Have Emacs - Will Hack

February 16, 2007

Croquet system overview

Topic: Distributed systems

Since distributed and parallel systems and concurrency are on my mind a lot, I thought I would start sharing what I consider to be the things worth reading about those topics through this blog.

To start off is an overview of the design of Croquet:

http://www.croquetconsortium.org/index.php/System_Overview

2005_Hedgehog_Architecture.pdf

I think the key things to note about Croquet is how David P. Reed's multi-version timestamping (I plan to make David P. Reed's PhD dissertation a future topic) is applied to messages and extended with the notion of pseudo-real time, how replication of computation is not only seen as not bad but essential to the system, and how actions are performed through a sort of delayed message passing (where the programmer uses the above-mentioned pseudo-real time scheme to specify the delay), which is called "temporal tail recursion." Notice that none of the above features are really orthogonal - none of them would work very well (or at all) by themselves. This is probably the most coherent and well-thought out model for handling time in an interactive distributed system that's out there right now.

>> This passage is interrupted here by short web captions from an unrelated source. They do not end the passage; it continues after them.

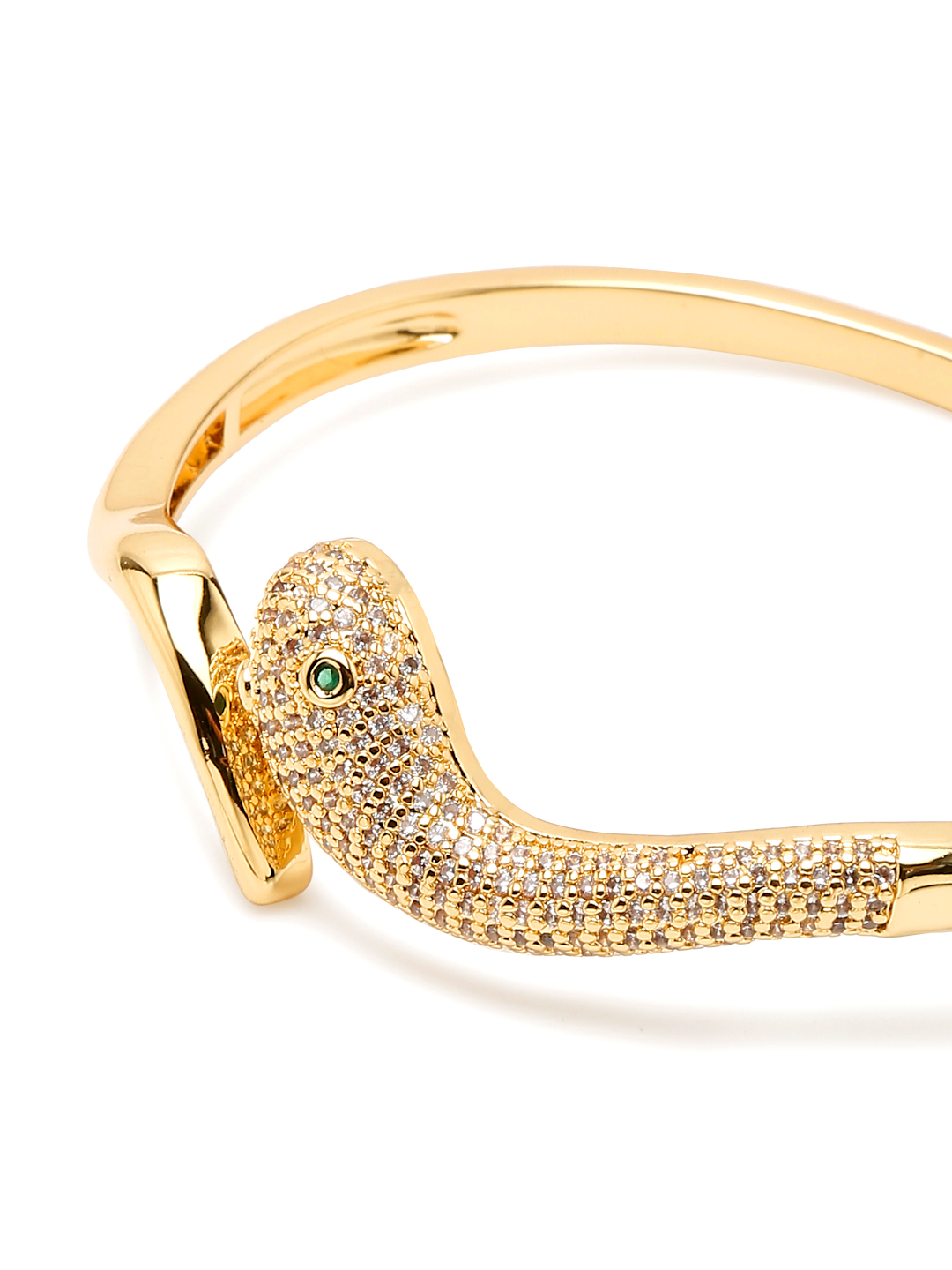 YouBella Jewellery for Women Celebrity Inspired Gold Plated Sleek4 Bracelet Bangle for Women and Girls (YBBN_92131) (Gold)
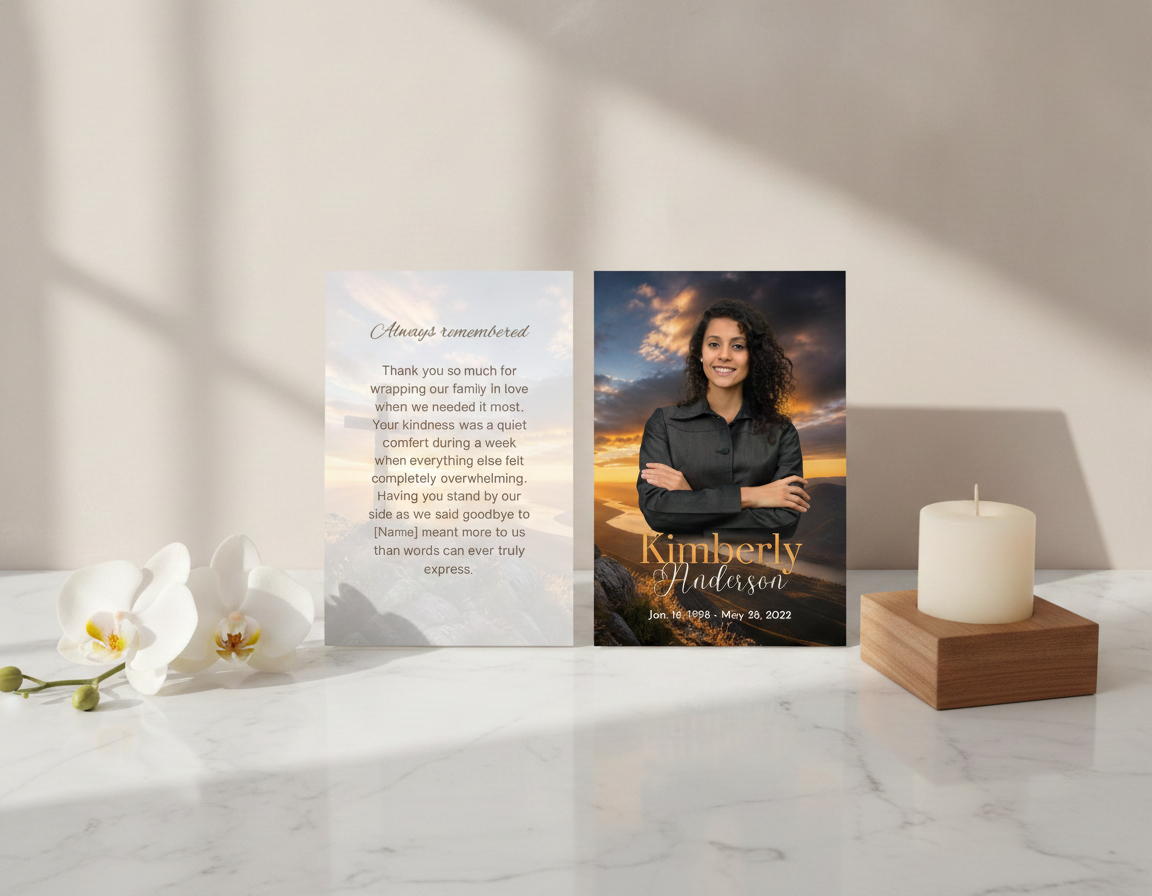 Nature & Landscape Funeral Program Templates | Peaceful Memorial ...
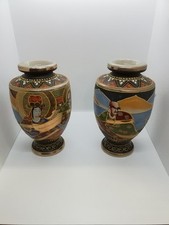 Pair japanese pottery for sale  LOWESTOFT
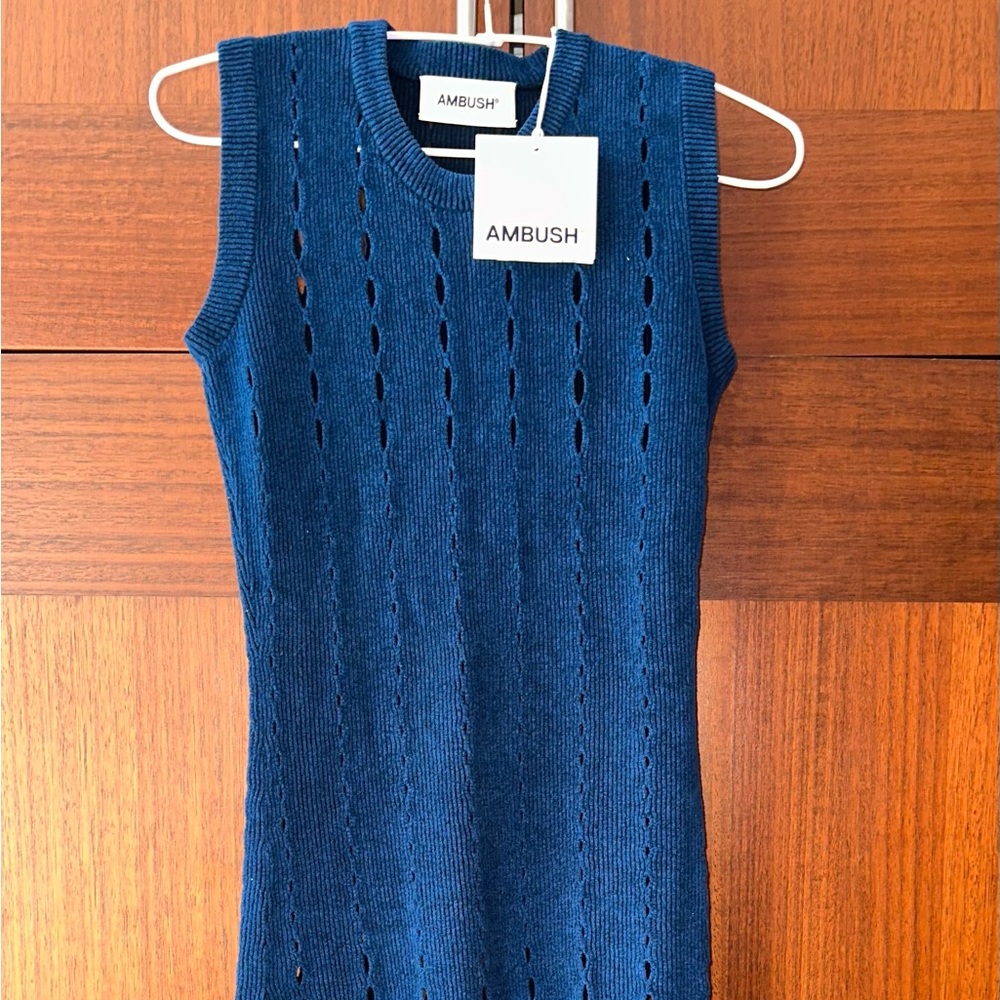 AMBUSH Knitted Cut Out Detailed Dress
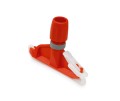 Pinza in Plastica Rossa per Mop Pinza in Plastica Rossa per Mop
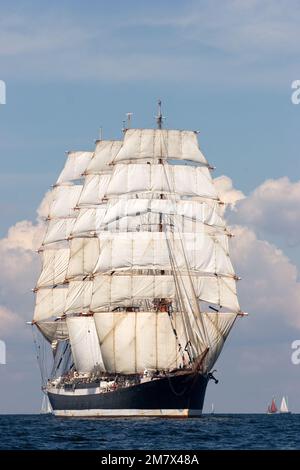 Russisches Großsegler Sedov, Beginn des Kopenhagener Rennens, 2007 Stockfoto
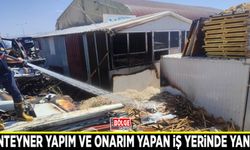 Konteyner yapım ve onarım yapan iş yerinde yangın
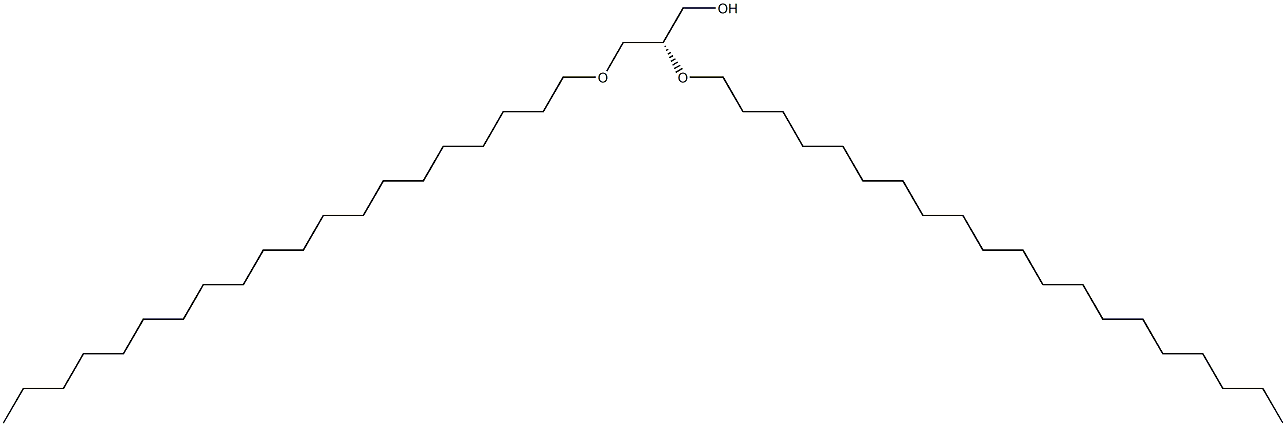 [S,(-)]-2-O,3-O-Diicosyl-D-glycerol Struktur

Another lesson from Croquet is that security in an open distributed system with mobile code can be handled elegantly at the language instead of the virtual machine level. A powerful example is the fact that temporal tail recursion guarantees that malicious objects cannot go into infinite loops that suck up all computational resources. In Smalltalk all iteration is expressed explicitly by message passing, so there is nothing lost by restricting iteration to temporal tail recursion. This is a demonstration of both the benefits of powerful, uniform paradigms in programming languages, and that of the actor/ functional programming paradigm specifically.